DIRECTIONS — Once you have located the line containing "Dardoo G923 Racing" in the material below, return it exactly along with each line after it through the line containing "Trio Foil Balloon".

EXTRACTED INFORMATION —

=== Section Start ===

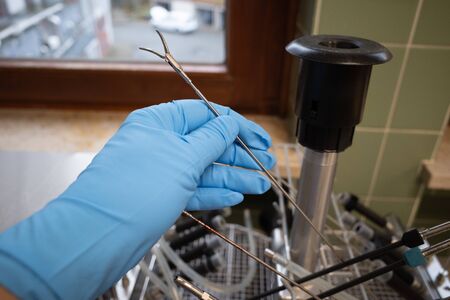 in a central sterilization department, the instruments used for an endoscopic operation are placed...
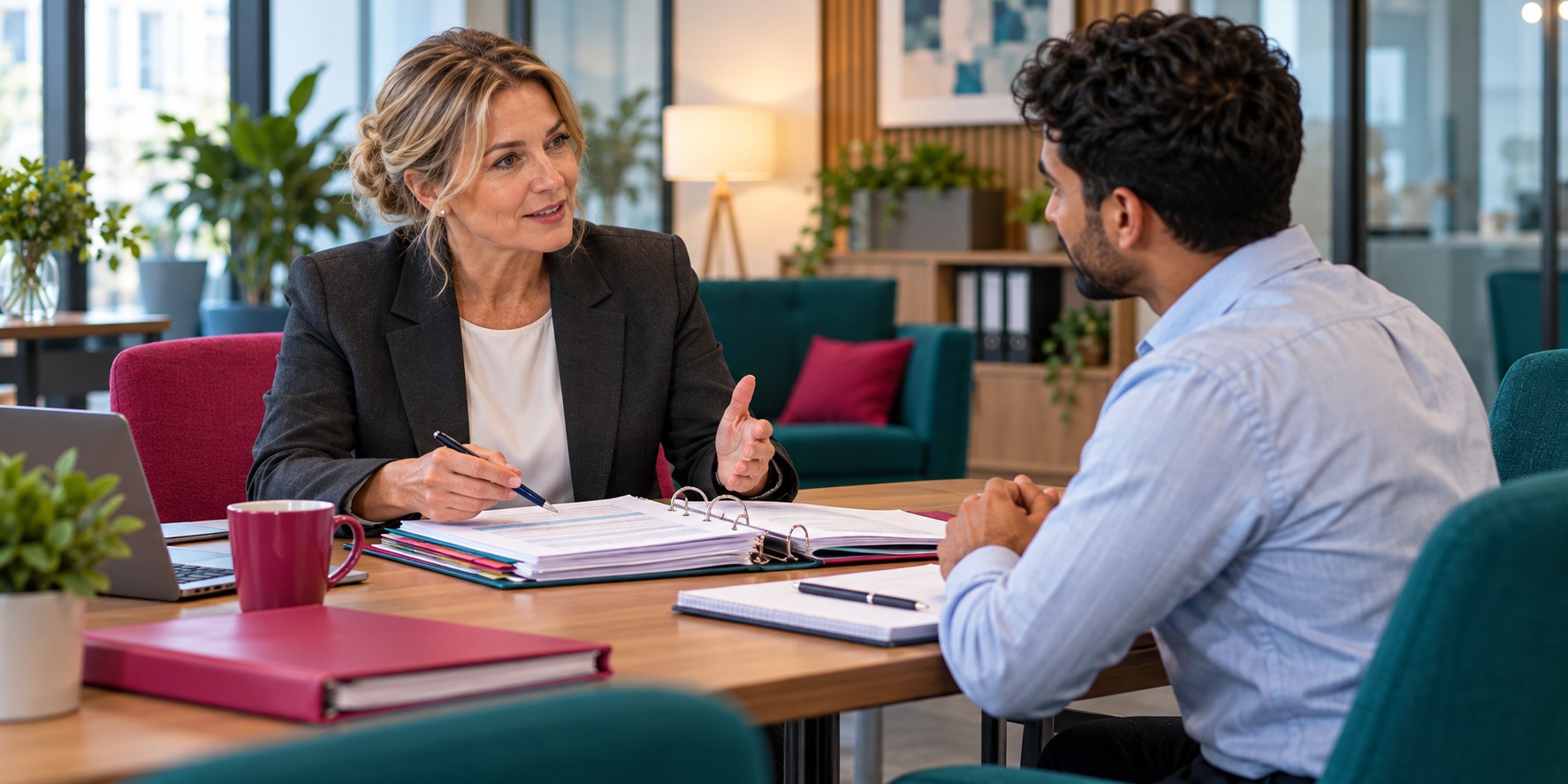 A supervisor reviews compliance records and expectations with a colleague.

=== Section End ===
=== Section Start ===

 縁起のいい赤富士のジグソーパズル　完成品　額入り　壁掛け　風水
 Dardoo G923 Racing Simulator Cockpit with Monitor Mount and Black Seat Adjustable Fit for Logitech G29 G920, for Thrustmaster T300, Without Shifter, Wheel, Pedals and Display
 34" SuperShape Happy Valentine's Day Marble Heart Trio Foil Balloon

=== Section End ===

ANSWER —
 Dardoo G923 Racing Simulator Cockpit with Monitor Mount and Black Seat Adjustable Fit for Logitech G29 G920, for Thrustmaster T300, Without Shifter, Wheel, Pedals and Display
 34" SuperShape Happy Valentine's Day Marble Heart Trio Foil Balloon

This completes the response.